My follow-up question: how should I look at/treat recursive functions in a logical way, that will (hopefully) lead me to an 'aha-erlebnis'?
Any help is much appreciated!
You can understand Haskell code by stepwise reduction. Maybe the following example reduction sequence helps with your aha.
(A Haskell implementation actually does something related to such reduction steps, but maybe in a different order. You get the same end result, though).

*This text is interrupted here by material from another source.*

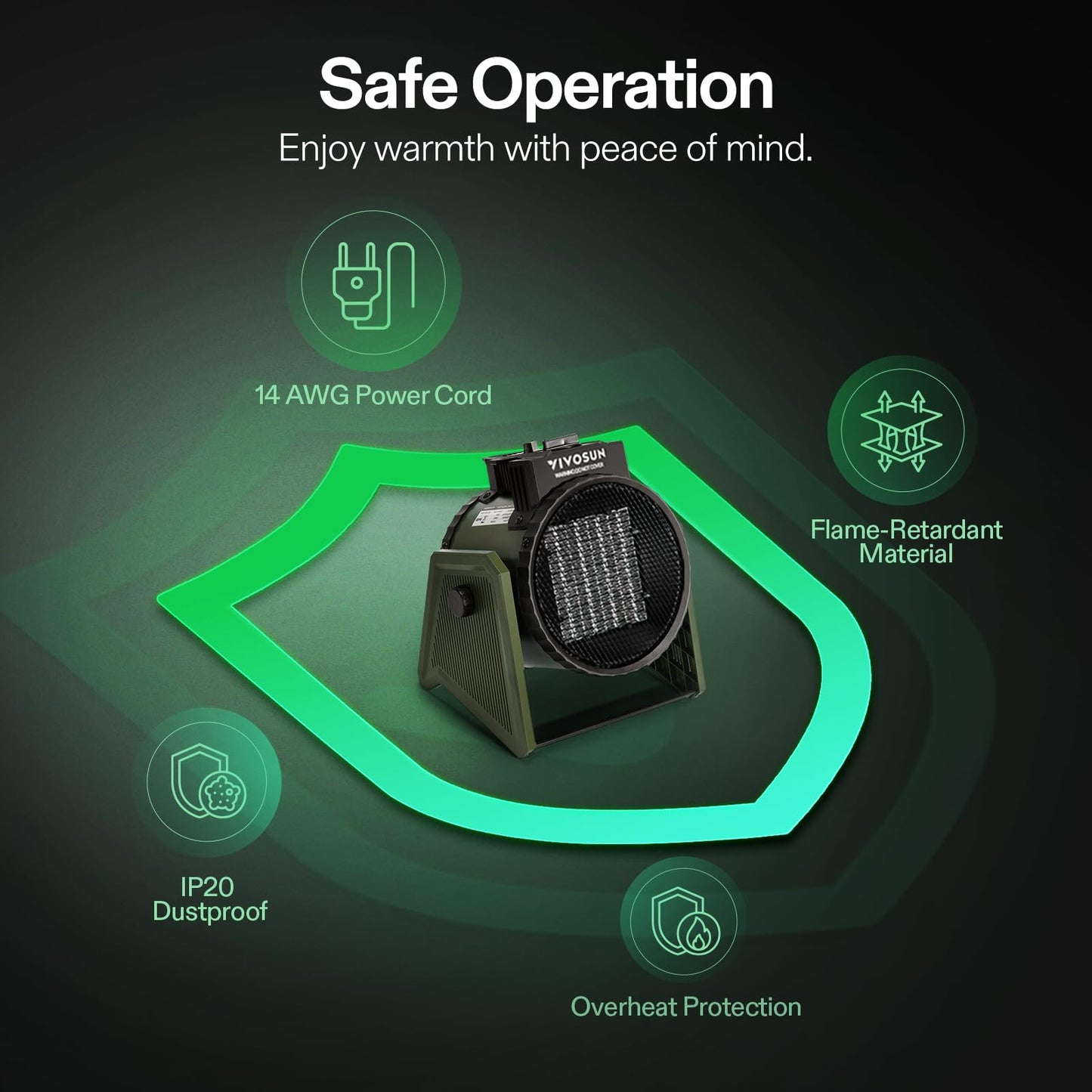 VIVOSUN Portable Greenhouse Heater with Adjustable Thermostat, 750W/1500W Electric Heater, 3 Modes for Fast Heating, Overheat Protection, Dustproof Design for Grow Tents, Patios & Outdoors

In this example, you start with:
sums [0..4]
Expand the [0..4] notation a bit:
sums (0 : 1 : [2..4])
Now we see that the first equation of sums matches, with x = 0, y = 1, and ys = [2..4]. So we get:
0 : sums (0 + 1 : [2..4])
We can compute 0 + 1:
0 : sums (1 : [2..4])
And expand [2..4] a bit:
0 : sums (1 : 2 : [3..4])
Now we see that the first equation of sums matches again, this time with x = 1, y = 2, and ys = [3..4]. So we get:
0 : 1 : sums (1 + 2 : [3..4])
We can compute 1 + 2:
0 : 1 : sums (3 : [3..4])
And expand [3..4] a bit:
0 : 1 : sums (3 : 3 : [4..4])
Now we see that the first equation of sums matches again, this time with x = 3, y = 3, and ys = [4..4]. So we get:
0 : 1 : 3 : sums (3 + 3 : [4..4])
We can compute 3 + 3:
0 : 1 : 3 : sums (6 : [4..4])
And expand [4..4]:
0 : 1 : 3 : sums (6 : 4 : [])
Now we see that the first equation of sums matches again, this time with x = 6, y = 4, and ys = []. So we get:
0 : 1 : 3 : 6 : sums (6 + 4 : [])
We can compute 6 + 4:
0 : 1 : 3 : 6 : sums (10 : [])
This time, the first equation for sums doesn't match. But the second equation matches. So we get:
0 : 1 : 3 : 6 : 10 : []
This is the observed output [0, 1, 3, 6, 10].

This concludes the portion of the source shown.